Some economies in East Asia have built up large amounts of foreign exchange reserves in the past decades. Holding large amounts of reserves helped these economies to stabilize their macro economy and exchange rates under periods of market stress and rapid shifts in relative economic size. Generally, it has been a strategy to provide a defence against external shocks with damaging consequences for exports.
Rules aimed at limiting foreign reserves, in order to prevent currency manipulation, have been discussed over a long period of time. Yet there are to date no rules that come with effective disciplines – and it is unlikely that such rules can be agreed multilaterally, at least for the foreseeable future.

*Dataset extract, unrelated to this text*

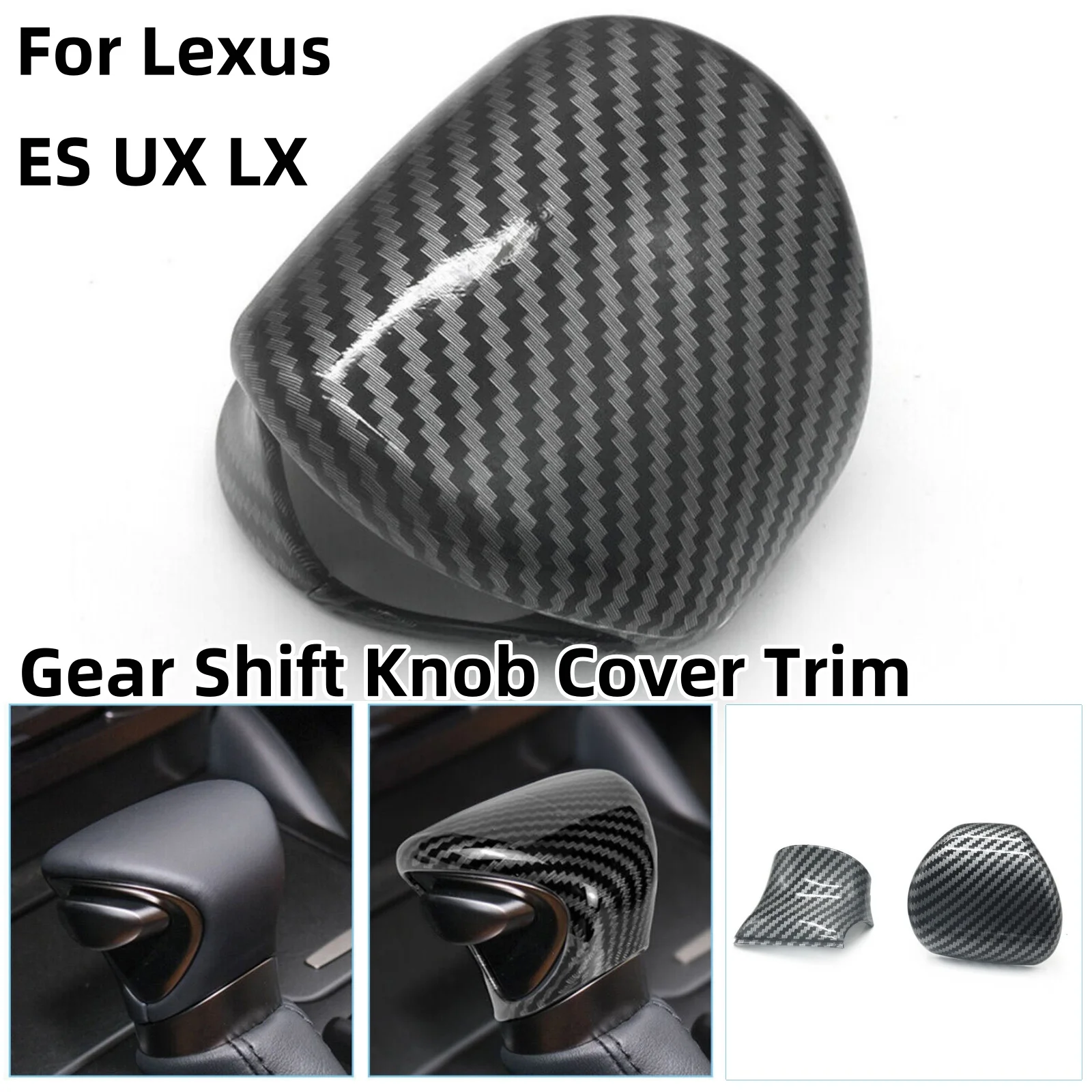 Car Gear Shift Knob Cover Trim Carbon Fiber ABS Interior Gear Shift Knob Cover Trim For Lexus ES 2018-2023 UX 19-23 for LX 22-23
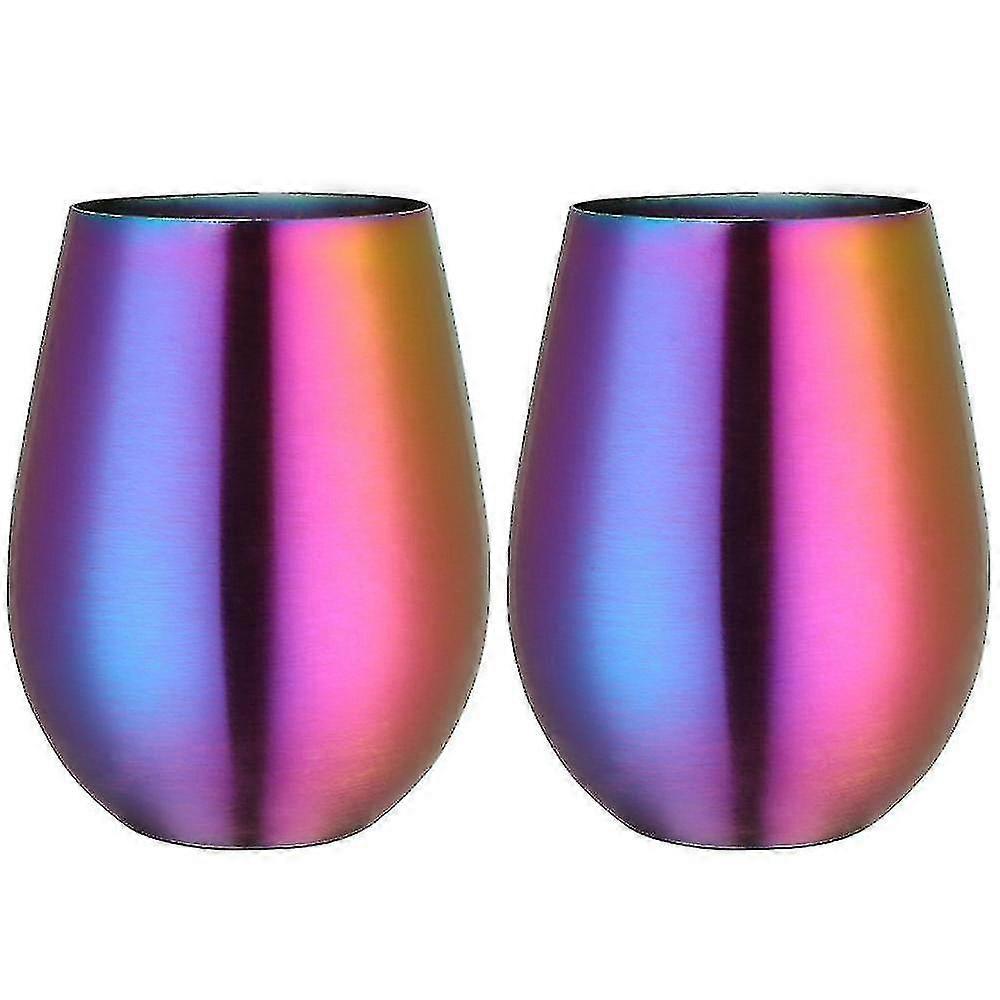 Stainless Steel Stemless Wine Glass, Outdoor Portable Wine Tumbler - Set Of 2 Metal Drinking Cups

What measures has China adopted to cope with these challenges?
The first line of defense was assigned to the State Administration of Foreign Exchange (SAFE), part of the People Bank of China (PBOC), with the objective to diversify away from U.S. government securities. In essence, the purchasing of new U.S. Treasury bonds was going to decelerate, if not stop. This is not an adequate policy. Even if China would reduce its U.S. denominated foreign exchange reserves, it does not answer the question what China should do with all the assets it has already accumulated.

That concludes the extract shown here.